Jordan Cattle Action
 


Mormon Ranch Hailed As Model
For Forest Service By GAO

SALT LAKE CITY —(AP)— If the Forest Service needs a model for self-sufficiency that excels at protecting land and wildlife, it should study a Mormon church-run ranch, congressional researchers say.

The U.S. General Accounting Office says the 201,000-acre Deseret Land and Livestock Ranch in northeastern Utah's Rich County has thrived by implementing innovative grazing, hunting and management plans.

If copied, the GAO asserts, the Forest Service could enhance both its revenue and the quality of its own land protection policies.

The agency's comments are part of a report for House Budget Committee Chairman John Kasich, R-Ohio, who maintains that subsidies for the Forest Service are out of control.

Along with studying operations at the church's ranch, the GAO looked at selected state park systems, Indian tribal lands, areas owned by environmental groups and even a private forest owned by International Paper.

The GAO noted that Deseret, like the Forest Service, was heavily subsidized in recent years. But unlike the Forest Service, the ranch has become self-sufficient even as it made improvements in land use, the agency stated.

A previous owner of the ranch was losing $500,000 a year on it as late as 1978, the GAO said.

When the ranch was sold in 1983 to The Church of Jesus Christ of Latter-day Saints, managers defined its mission as "to maximize profit while improving the resources" and to be "part of the community and an ensign of the church."

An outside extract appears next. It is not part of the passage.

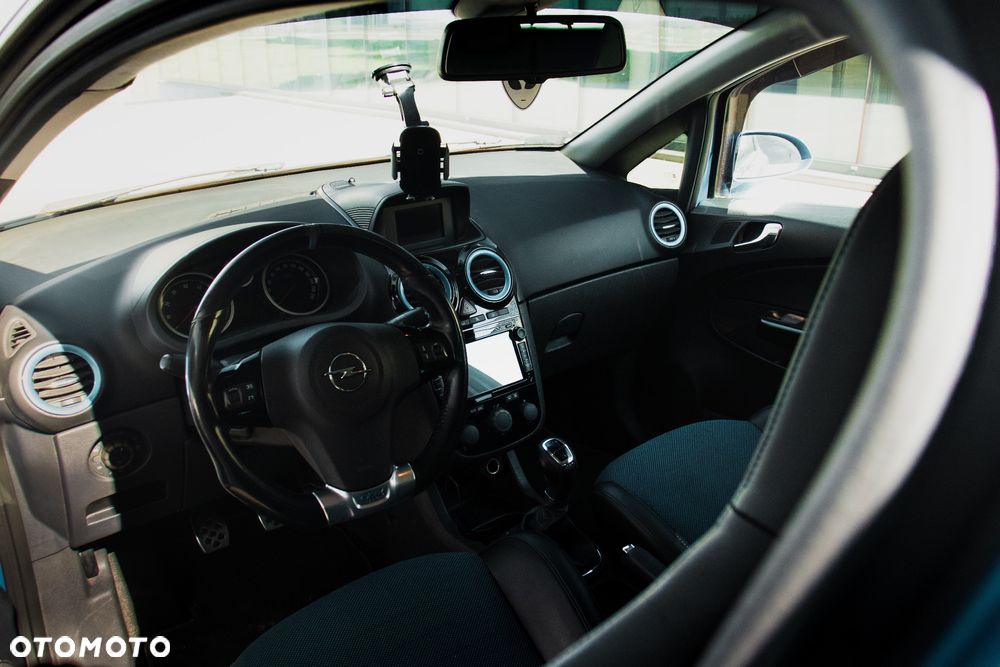 Opel Corsa 1.6T OPC - 19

The ranch established five-year plans, set annual goals and devised clear accountability objectives. It also gives employees bonuses of up to 10 percent of their annual salary if they achieve profit and-or production goals, the GAO noted.

Now, "The ranch's annual revenue covers both operating and capital costs, including $280,000 a year paid to the church to repay land-acquisition costs," the agency reported.

Generating revenue and reducing costs are not mission priorities for the Forest Service, the GAO charged.

One way the LDS ranch turned things around was by managing "big game and other wildlife as a profitable resource rather than as a cost of doing business," the GAO said.

That includes charging high access fees for some types of hunting on its land — up to $8500 per hunter for guided bull elk expeditions. Some other hunting is still allowed free of charge.

The report said revenue generated by the ranch's wildlife programs was $342,000 in 1997.

Meantime, the Forest Service historically has left all hunting programs on its lands to the states and receives little or no money from them, the GAO said.

The GAO also praised the ranch's policy of limiting the time cattle are allowed to graze an area and moving them among fenced pastures instead of allowing them to graze on open rangeland.

That approach allows long periods of rest and recovery for plants, which in turn has improved the quality of rangeland while the ranch increased the number of mother cows by 85 percent since 1983. The number of weaned calves increased by 103 percent, the GAO noted.